In den Straßenbahnen wabert glühweinschwangere Luft. Beim Aussteigen peitscht einem der Wind ins Gesicht. Gemütlich und weihnachtlich geht anders. Darum retten sich am 14. Dezember Unterhaltungsenthusiasten in den LNW006, den Experimentierhörsaal der HTWK Leipzig. Hier knallt’s, raucht’s und riecht’s speziell - wie bei jeder guten Weihnachtsfeier.
Heute laden Lutz Engisch, Professor für Werkstoffe an der Fakultät Medien, und das Rentier Rudi zusammen mit Dr. Andrea Berlich und Uta Greif zur traditionellen Weihnachtsvorlesung, Motto diesmal: „Konstruieren durch Demolieren“. Zum fünften Mal werden Studierende und Neugierige durch ein winterliches Naturwissenschaftsfeuerwerk auf die Weihnachtszeit eingestimmt.
Klausurrelevant ist das nicht. Trotzdem schleichen immer mehr Menschen in den ohnehin schon übervollen Vorlesungsaal. Selbst auf den Treppenstufen sitzen sie: Kinder, Jugendliche, Studierende, Eltern und Ruheständler – insgesamt gut 150 Menschen. Und dann erzählt das Vorlesungstrio die Geschichte von Student Rudi, dem Rentier, das die Welt der Chemie entdeckt.
Zunächst, so fordert es die Raumordnung, muss die Arbeitsschutzbelehrung erfolgen. Engisch stellt klar: Wenn's brennt: schreien, wegrennen, leugnen. Links und rechts könne man die Fluchttüren nutzen - viel Erfolg dabei. Mehr ist nicht zu beachten. Feuer frei. Im wahrsten Sinne.
Feststoffe werden entzündet, Gase entflammt und Schaum zur Explosion gebracht. Während die drei Chemiewichtel sichtbar Spaß daran haben, ihren pyromanischen Fetisch auszuleben, kommt die Abluftanlage an ihre Grenzen. Weißer Rauch füllt langsam den Raum. Inwieweit Folgeschäden der Atemwege auftreten werden, ist aktuell nicht bekannt. Ob die Verantwortlichen vielleicht sogar Abschlussarbeiten zur Problematik vergeben?

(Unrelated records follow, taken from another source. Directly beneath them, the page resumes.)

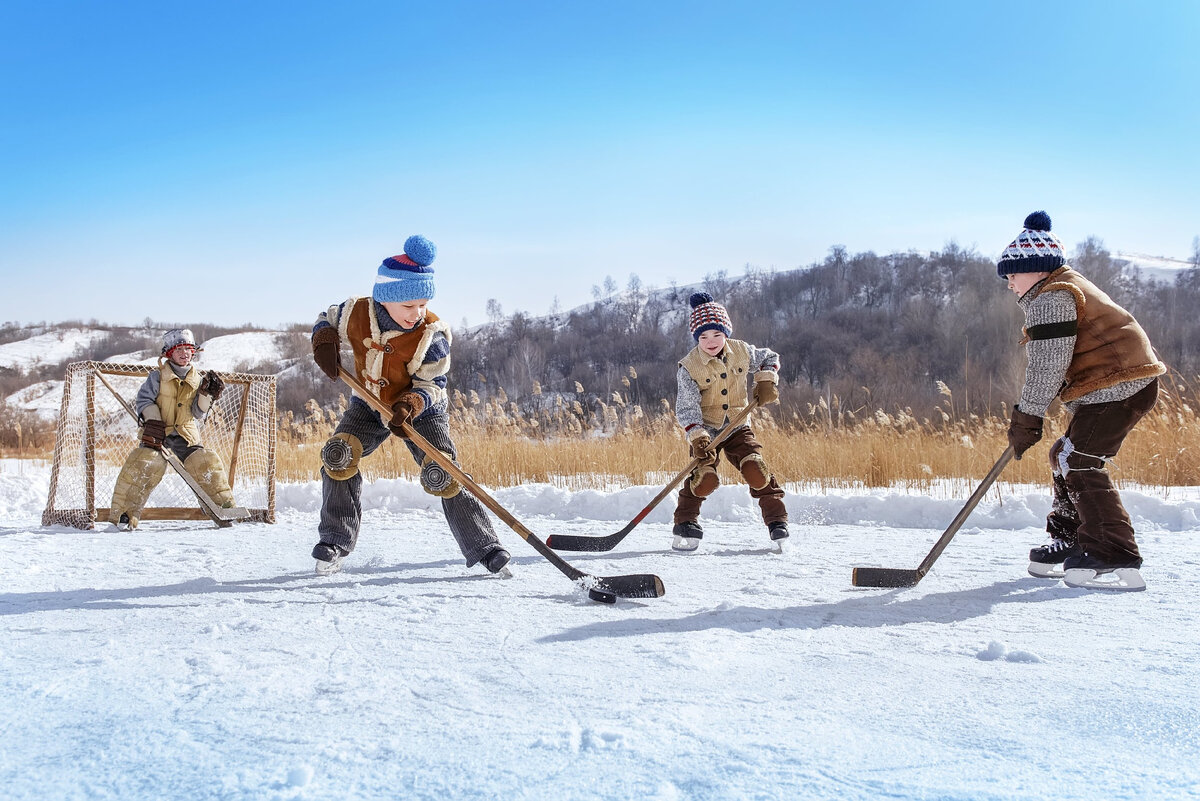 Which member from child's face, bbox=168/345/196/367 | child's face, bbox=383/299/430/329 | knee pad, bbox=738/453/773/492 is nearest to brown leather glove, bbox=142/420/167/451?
Result: child's face, bbox=168/345/196/367

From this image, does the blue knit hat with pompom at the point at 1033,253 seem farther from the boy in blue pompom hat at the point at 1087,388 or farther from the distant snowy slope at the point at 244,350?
the distant snowy slope at the point at 244,350

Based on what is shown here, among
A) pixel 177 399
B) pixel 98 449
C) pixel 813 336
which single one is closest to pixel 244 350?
pixel 813 336

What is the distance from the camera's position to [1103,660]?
204cm

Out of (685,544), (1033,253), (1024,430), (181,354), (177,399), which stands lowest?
(685,544)

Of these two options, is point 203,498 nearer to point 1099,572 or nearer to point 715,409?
point 715,409

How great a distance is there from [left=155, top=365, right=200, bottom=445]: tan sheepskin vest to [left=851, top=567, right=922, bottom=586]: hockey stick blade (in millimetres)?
4287

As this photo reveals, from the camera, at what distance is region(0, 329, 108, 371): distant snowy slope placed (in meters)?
56.4

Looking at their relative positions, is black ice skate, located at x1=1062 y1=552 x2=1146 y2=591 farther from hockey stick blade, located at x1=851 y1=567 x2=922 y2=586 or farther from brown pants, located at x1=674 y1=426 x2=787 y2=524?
brown pants, located at x1=674 y1=426 x2=787 y2=524

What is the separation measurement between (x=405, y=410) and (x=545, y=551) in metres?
0.77

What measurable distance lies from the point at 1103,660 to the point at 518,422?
258 inches

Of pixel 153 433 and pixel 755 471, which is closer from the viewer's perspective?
pixel 755 471

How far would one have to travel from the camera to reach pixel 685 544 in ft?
13.2

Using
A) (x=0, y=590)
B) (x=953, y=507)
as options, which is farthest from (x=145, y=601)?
(x=953, y=507)

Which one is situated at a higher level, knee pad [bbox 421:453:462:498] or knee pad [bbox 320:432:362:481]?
knee pad [bbox 320:432:362:481] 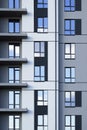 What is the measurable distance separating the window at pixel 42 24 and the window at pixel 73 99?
422cm

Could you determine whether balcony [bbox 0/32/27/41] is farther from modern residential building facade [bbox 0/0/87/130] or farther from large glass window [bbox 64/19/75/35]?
large glass window [bbox 64/19/75/35]

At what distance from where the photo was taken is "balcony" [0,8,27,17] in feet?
77.5

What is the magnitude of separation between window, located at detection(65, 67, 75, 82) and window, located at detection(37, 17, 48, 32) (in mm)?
2829

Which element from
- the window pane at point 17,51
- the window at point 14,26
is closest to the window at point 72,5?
the window at point 14,26

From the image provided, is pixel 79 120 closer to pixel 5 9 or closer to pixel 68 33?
pixel 68 33

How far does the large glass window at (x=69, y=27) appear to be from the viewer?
969 inches

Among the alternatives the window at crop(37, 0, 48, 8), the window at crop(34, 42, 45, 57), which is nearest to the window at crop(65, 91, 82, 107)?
the window at crop(34, 42, 45, 57)

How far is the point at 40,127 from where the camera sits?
23484mm

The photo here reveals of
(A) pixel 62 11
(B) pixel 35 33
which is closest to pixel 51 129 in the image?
(B) pixel 35 33

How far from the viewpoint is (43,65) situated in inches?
943

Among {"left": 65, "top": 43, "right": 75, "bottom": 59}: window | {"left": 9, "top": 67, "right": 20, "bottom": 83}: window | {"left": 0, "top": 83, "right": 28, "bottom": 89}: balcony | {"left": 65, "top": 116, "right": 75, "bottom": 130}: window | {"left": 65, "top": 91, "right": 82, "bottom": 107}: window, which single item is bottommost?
{"left": 65, "top": 116, "right": 75, "bottom": 130}: window

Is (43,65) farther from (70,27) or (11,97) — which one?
(70,27)

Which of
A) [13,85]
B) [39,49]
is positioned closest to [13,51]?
[39,49]

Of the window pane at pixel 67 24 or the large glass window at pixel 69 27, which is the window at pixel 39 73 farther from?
the window pane at pixel 67 24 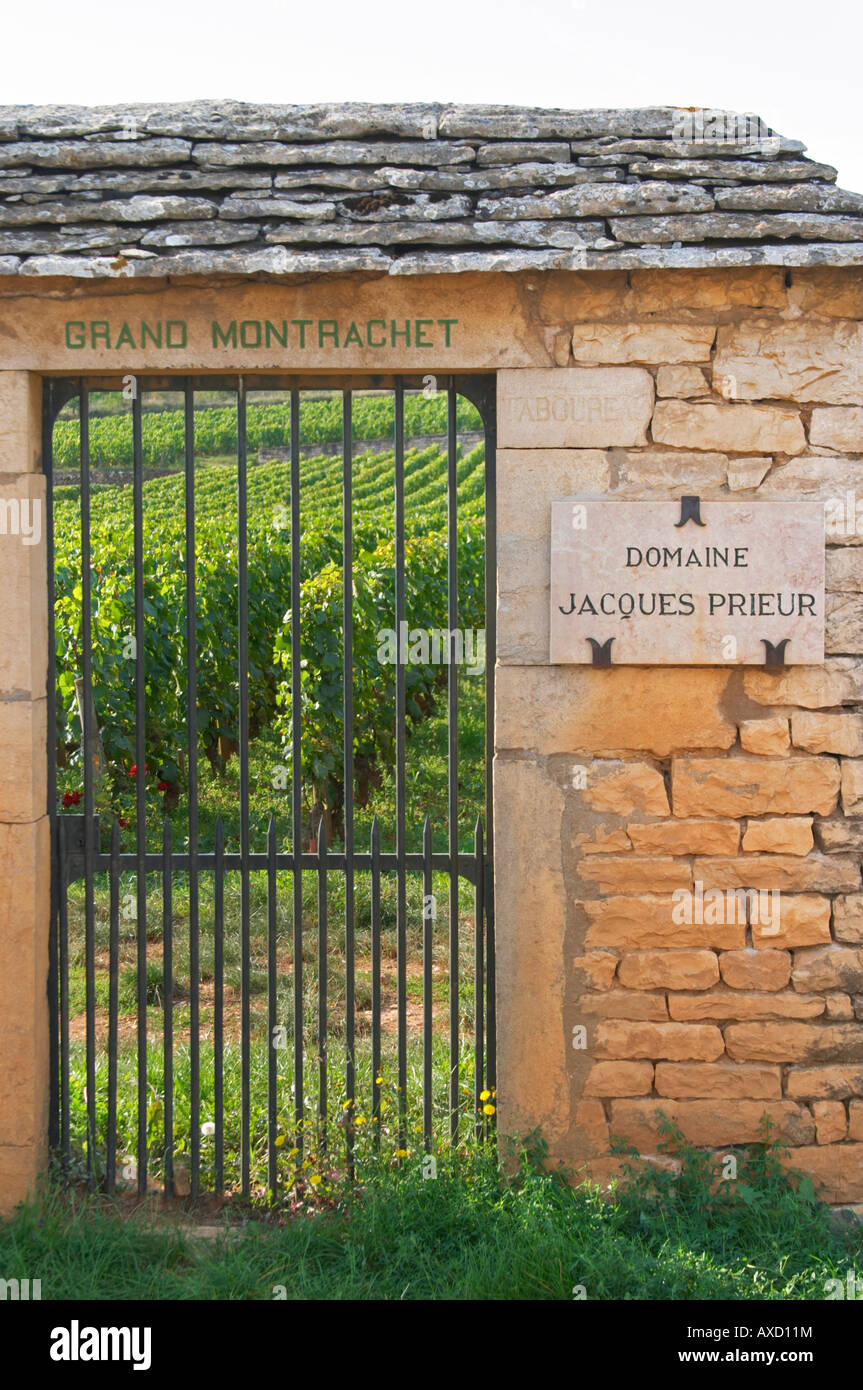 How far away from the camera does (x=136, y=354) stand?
145 inches

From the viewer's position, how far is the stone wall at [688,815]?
3658mm

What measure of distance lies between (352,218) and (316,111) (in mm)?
509

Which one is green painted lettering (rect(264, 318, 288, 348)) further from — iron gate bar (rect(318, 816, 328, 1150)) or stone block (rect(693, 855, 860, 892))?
stone block (rect(693, 855, 860, 892))

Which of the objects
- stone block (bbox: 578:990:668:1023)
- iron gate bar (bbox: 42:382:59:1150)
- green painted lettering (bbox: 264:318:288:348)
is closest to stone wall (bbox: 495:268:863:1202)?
stone block (bbox: 578:990:668:1023)

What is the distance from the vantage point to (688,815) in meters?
3.70

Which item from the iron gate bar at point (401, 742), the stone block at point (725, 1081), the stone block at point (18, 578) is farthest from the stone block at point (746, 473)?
the stone block at point (18, 578)

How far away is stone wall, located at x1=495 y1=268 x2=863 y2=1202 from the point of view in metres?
3.66

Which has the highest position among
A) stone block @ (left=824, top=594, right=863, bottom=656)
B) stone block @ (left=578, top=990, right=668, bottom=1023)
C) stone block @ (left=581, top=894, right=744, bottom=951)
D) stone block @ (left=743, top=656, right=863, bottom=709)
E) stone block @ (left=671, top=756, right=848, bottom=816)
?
stone block @ (left=824, top=594, right=863, bottom=656)

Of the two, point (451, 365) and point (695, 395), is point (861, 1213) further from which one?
point (451, 365)

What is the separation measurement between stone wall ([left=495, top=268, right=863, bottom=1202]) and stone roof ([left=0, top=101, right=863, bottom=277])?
1.00 ft

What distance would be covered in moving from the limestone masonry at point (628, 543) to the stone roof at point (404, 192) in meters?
0.02

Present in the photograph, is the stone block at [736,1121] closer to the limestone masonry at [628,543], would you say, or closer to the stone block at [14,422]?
the limestone masonry at [628,543] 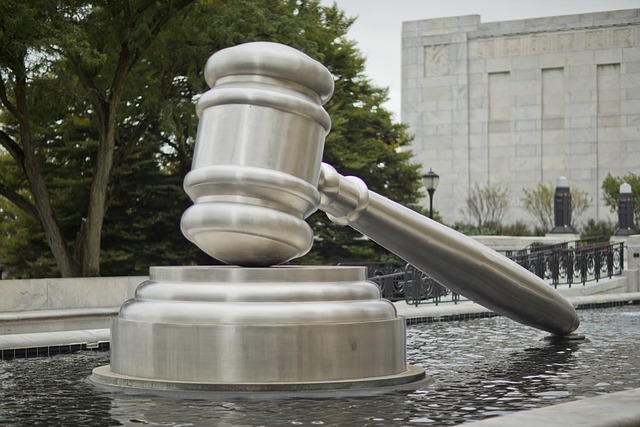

Nachdem gut eine Stunde lang alles Pulver verschossen wurde, kühlen die Vorlesenden die Zuschauer wieder herunter: Rosen, Gummischläuche und Wiener Würstchen verschwinden im Stickstoffnebel. Letzteres versucht ein hungrig werdender Lutz Englisch vergeblich wieder herauszuholen - die Zange ist zu kurz. Also fix Eis angerührt: Stracciatella. Oder wie der Prof es nennt: Zerbombte Schokoweihnachtsmänner.
Und so schwärmen am Ende der Veranstaltung einige Glückliche mit einer Eiswaffel in der Hand wieder in den winterlichen Abend. Möge ihre Weihnachtszeit ruhiger verlaufen als das Detonationsensemble der drei Alchemisten und ihres Rentiers.